Many partnership and limited liability agreements provide that the partnership or limited liability company taxed as a partnership will deliver K-1s electronically. Some provide that partners and members are consenting to this delivery by signing the agreement. Is this sufficient to comply with the requirements to deliver a K-1 to partners and members?
Unfortunately, it is not. In order to avoid the significant penalties that may apply if K-1s are not delivered to partners of partnerships and members of limited liability companies, the partnership or limited liability company must receive consent electronically to the electronic delivery of K-1s. That electronic consent must demonstrate that the partner or member can access the electronic format in which the K-1s are delivered.
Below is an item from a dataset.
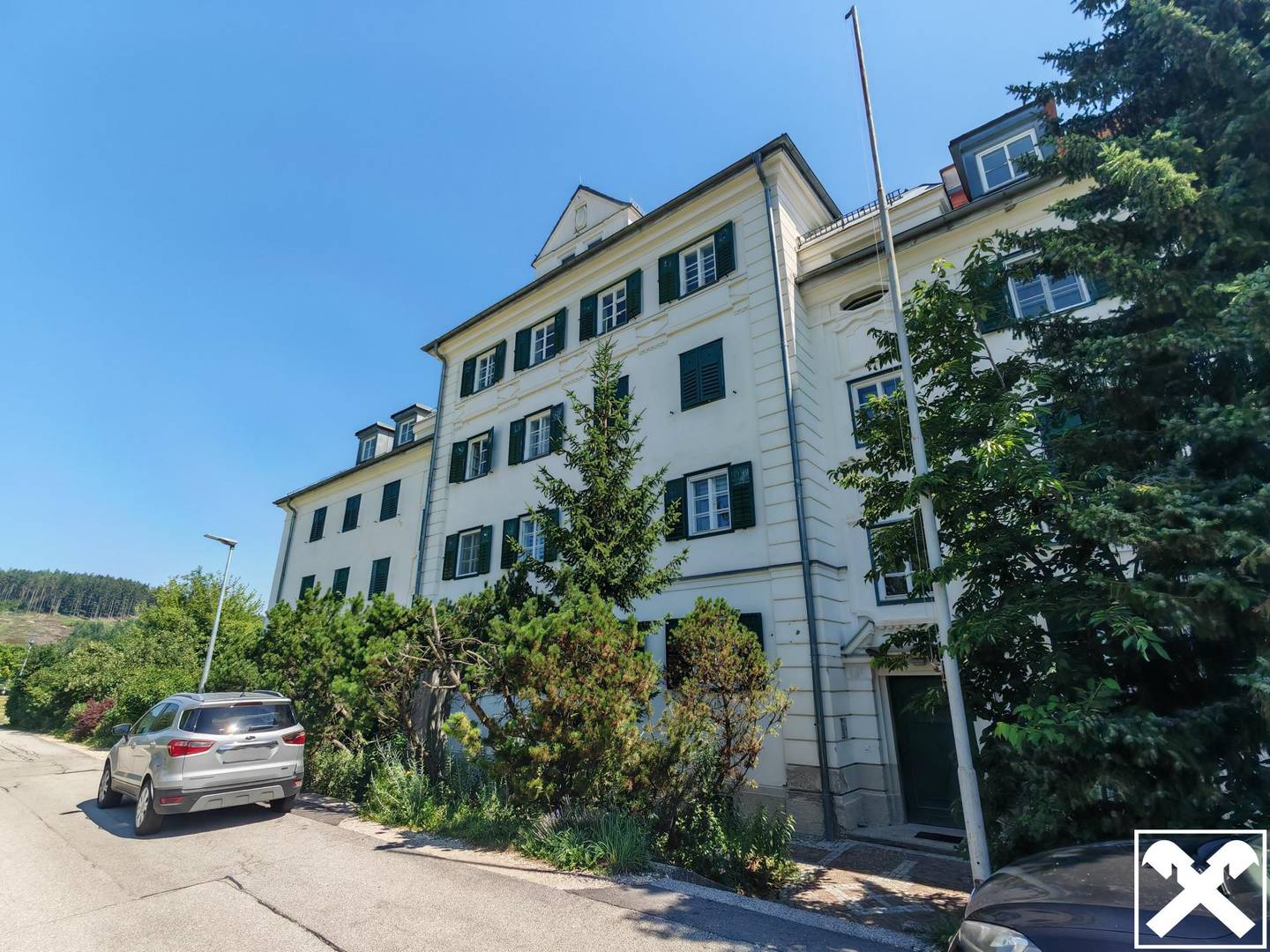 Sanierte Altbauwohnung Petzenblick Bahnanbindung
If consent to electronic delivery is received in paper form, then an additional confirmation of that consent must be received in a manner that demonstrates that the partner or member can access the electronic format in which the K-1s will be delivered.
Thus, if consent to electronic delivery is received in paper form, then an additional electronic confirmation of that consent is still needed. Based on the rules, it appears that a consent given when accessing the secure website to download or print the K-1s should be sufficient.
The rules also require that, if the electronic method of delivery changes materially, new consent to electronic delivery is required in a manner that demonstrates that the partner or member can access the new method. It is not clear what amounts to a material change, but, if the partnership or limited liability company is in any doubt regarding it, obtaining a new consent when accessing the system makes sense. It may be more practical to simply obtain consent each year. The partnership or limited liability company must also inform the partners or members of how to print the K-1s and of the date when the K-1s will no longer be available on the website.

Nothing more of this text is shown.